Corporate governance takes a leap forward
The publication of Turkey's first set of corporate governance guidelines and plans for a new index on the ISE measuring compliance are encouraging. But the high level of family ownership is an impediment to good practice.
TURKEY IS READYING itself to take a leap into the world of good corporate governance. The leap will have to be pretty huge because the record up to now has been so poor.
A leading Turkish economist says that only Koc and Sabanci, Turkey's two largest private conglomerates, and "to a certain degree" Is Bank, Turkey's largest private bank, have adhered to the principles of good corporate governance.
"Outside these," he says, "my opinion is: be careful, don't give them the benefit of the doubt."
Celik Kurdoglu, a professor of economics who owns Good Company, a consultancy that specializes in teaching good governance practices to business people, concurs. "We are at a rather primitive stage," he says.
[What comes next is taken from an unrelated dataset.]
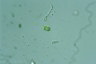 Apatococcus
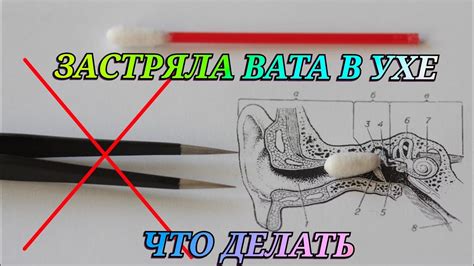 Помощь при проколотом ухе, начавшем гнить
The web test Examining the quality of information available on the websites of Istanbul Stock Exchange for the 50 companies in the IMKB 50 index, Kurdoglu found that two of them don't even have websites. Fewer than half that did published their annual reports on their websites. Only 4% disclosed risks associated with their partnerships and affiliates. About a third did not disclose their partnership structure. None of the companies disclosed the remuneration of its board members or its articles of association.